--- START ---
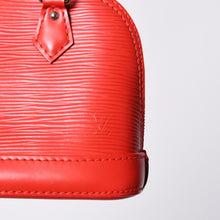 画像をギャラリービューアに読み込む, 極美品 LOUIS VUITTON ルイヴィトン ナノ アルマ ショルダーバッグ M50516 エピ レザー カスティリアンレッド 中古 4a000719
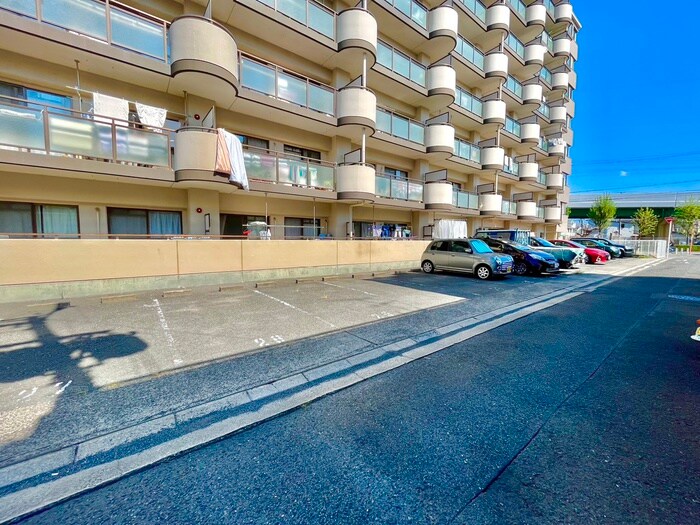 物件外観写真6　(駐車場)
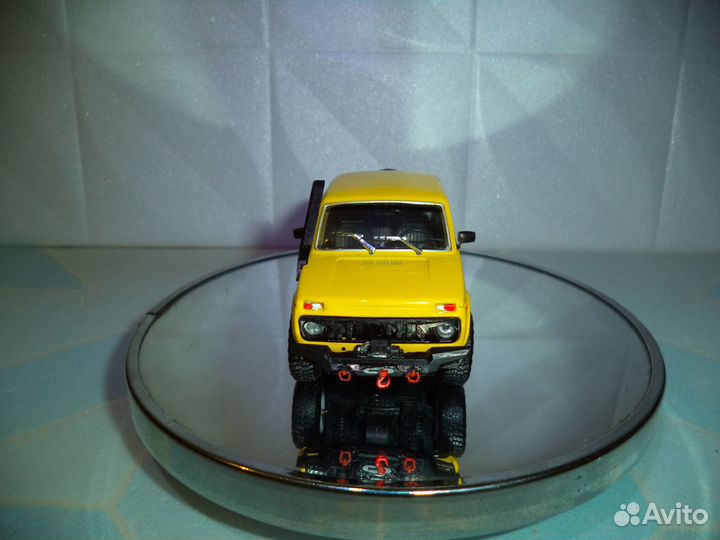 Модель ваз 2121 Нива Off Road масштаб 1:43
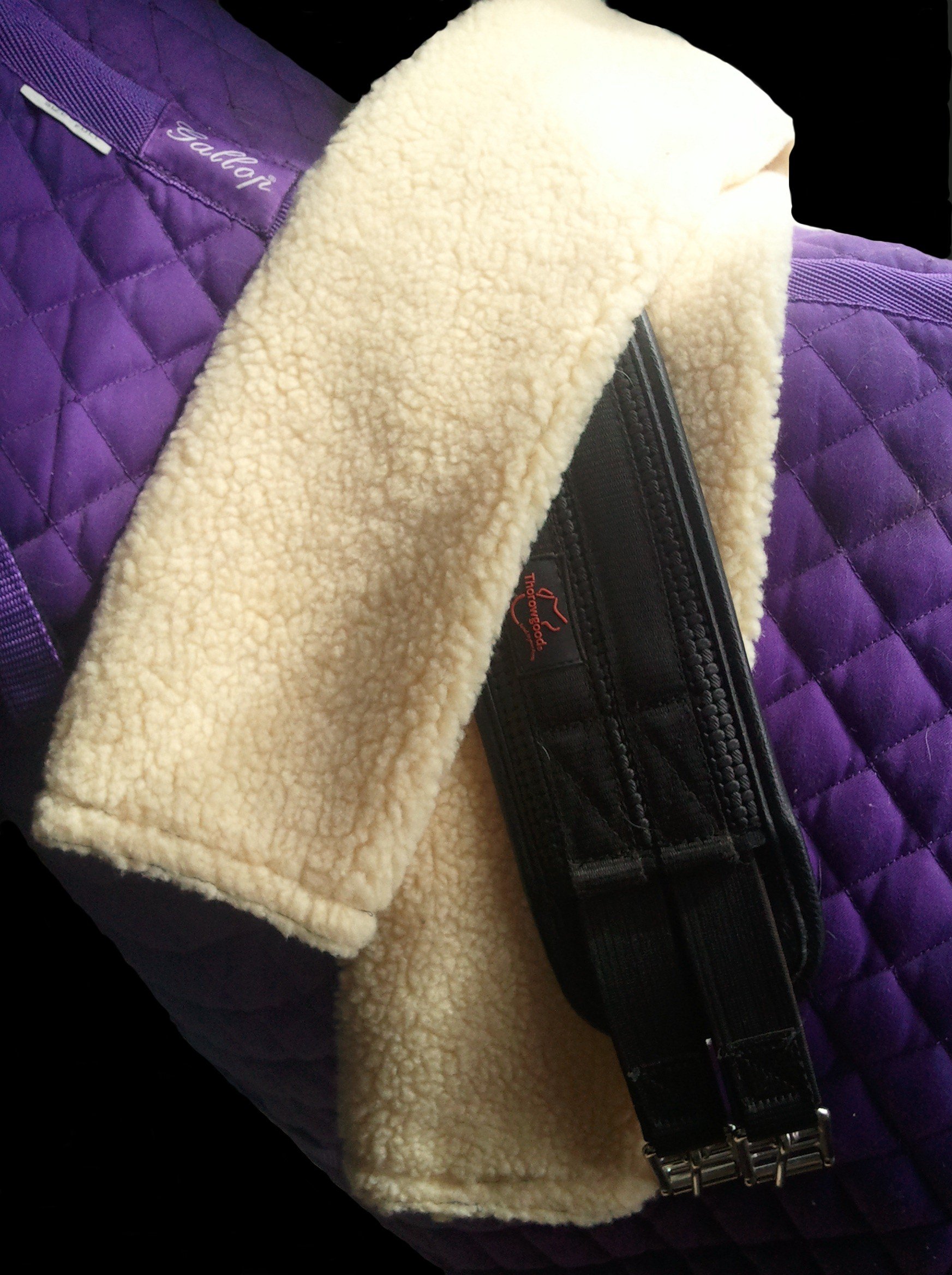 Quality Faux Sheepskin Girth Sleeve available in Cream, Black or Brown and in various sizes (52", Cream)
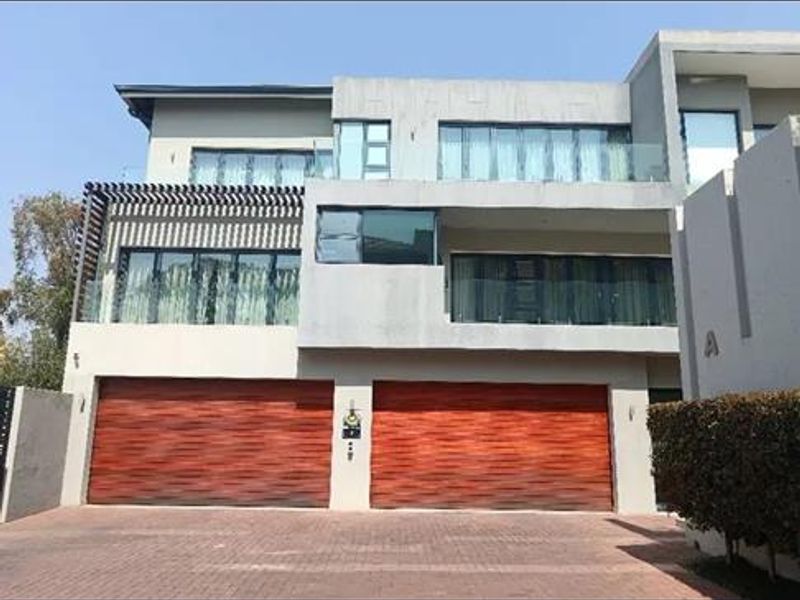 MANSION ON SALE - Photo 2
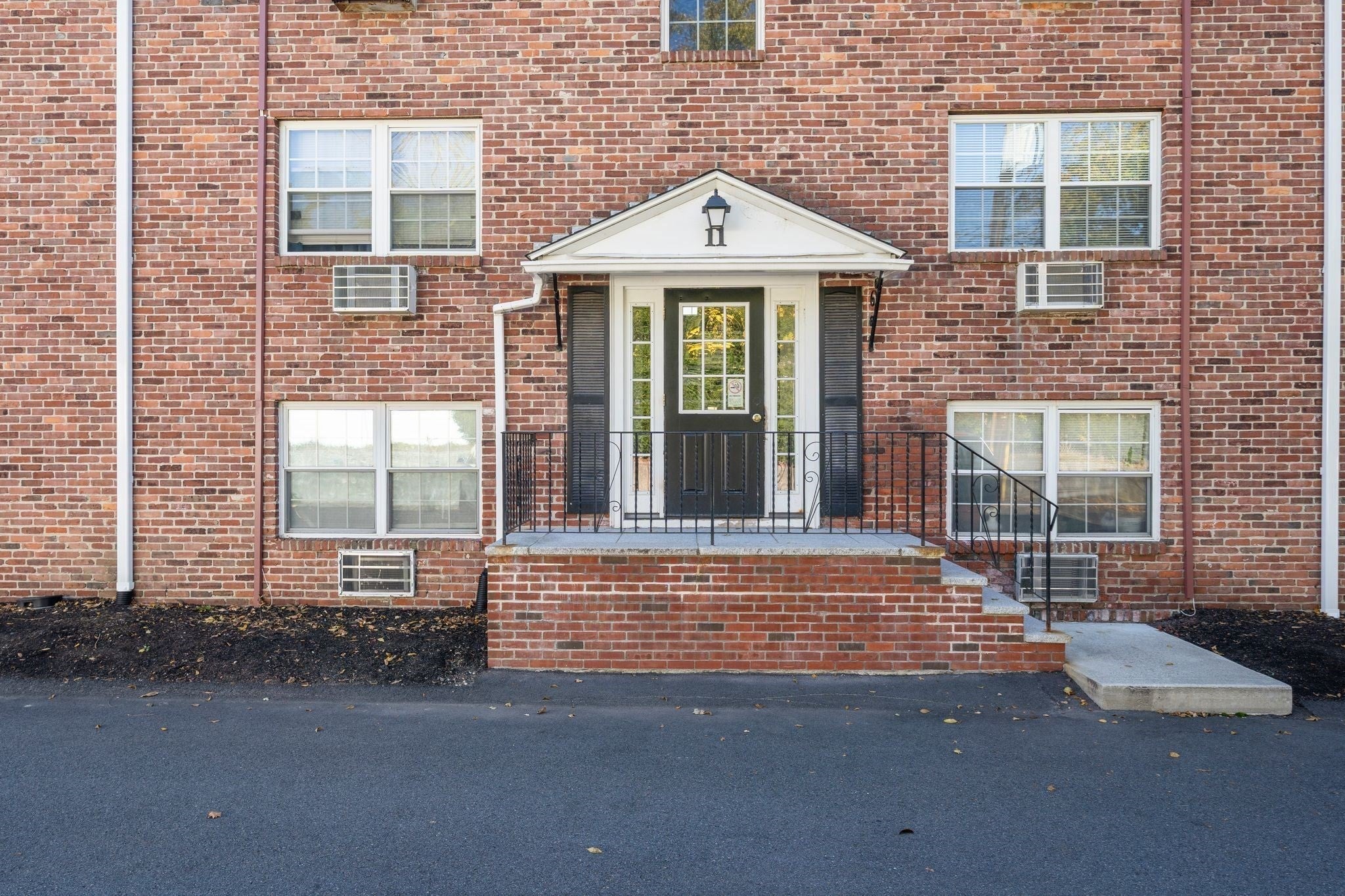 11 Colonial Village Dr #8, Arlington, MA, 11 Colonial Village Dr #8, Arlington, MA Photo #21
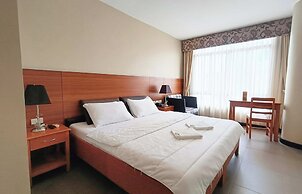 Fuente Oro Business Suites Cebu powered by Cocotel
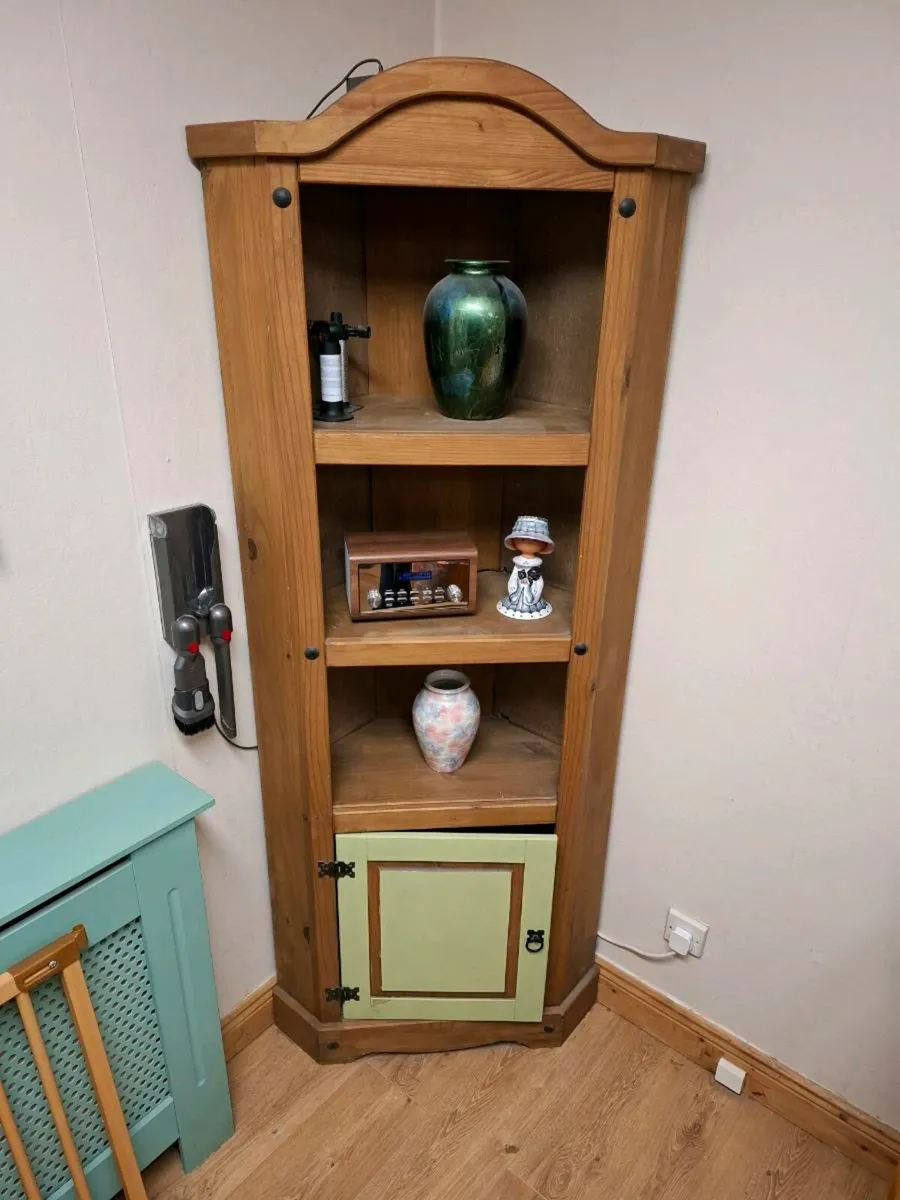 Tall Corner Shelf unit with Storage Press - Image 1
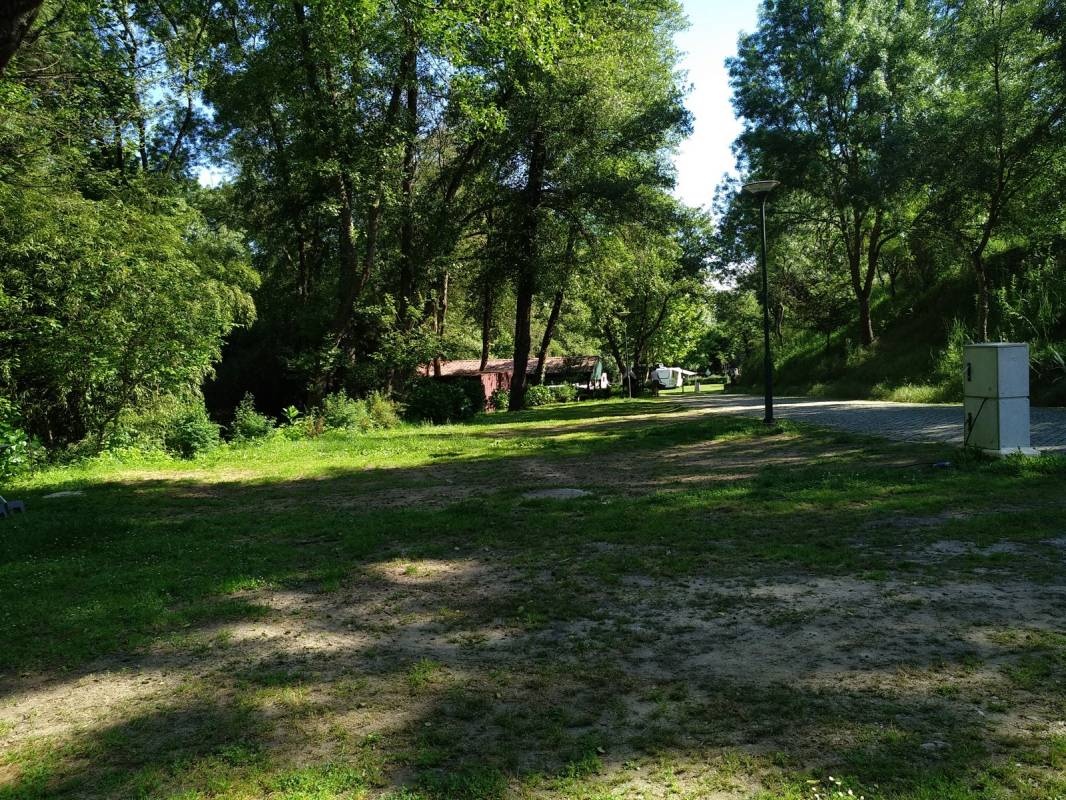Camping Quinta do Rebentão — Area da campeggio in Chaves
--- END ---
**Description of the task**
Print the lines from the one that contains "Fuente Oro Business" through the final line of the material above, exactly and only those, with pictures left out.

**Exercise result**
 Fuente Oro Business Suites Cebu powered by Cocotel
 Tall Corner Shelf unit with Storage Press - Image 1
Camping Quinta do Rebentão — Area da campeggio in Chaves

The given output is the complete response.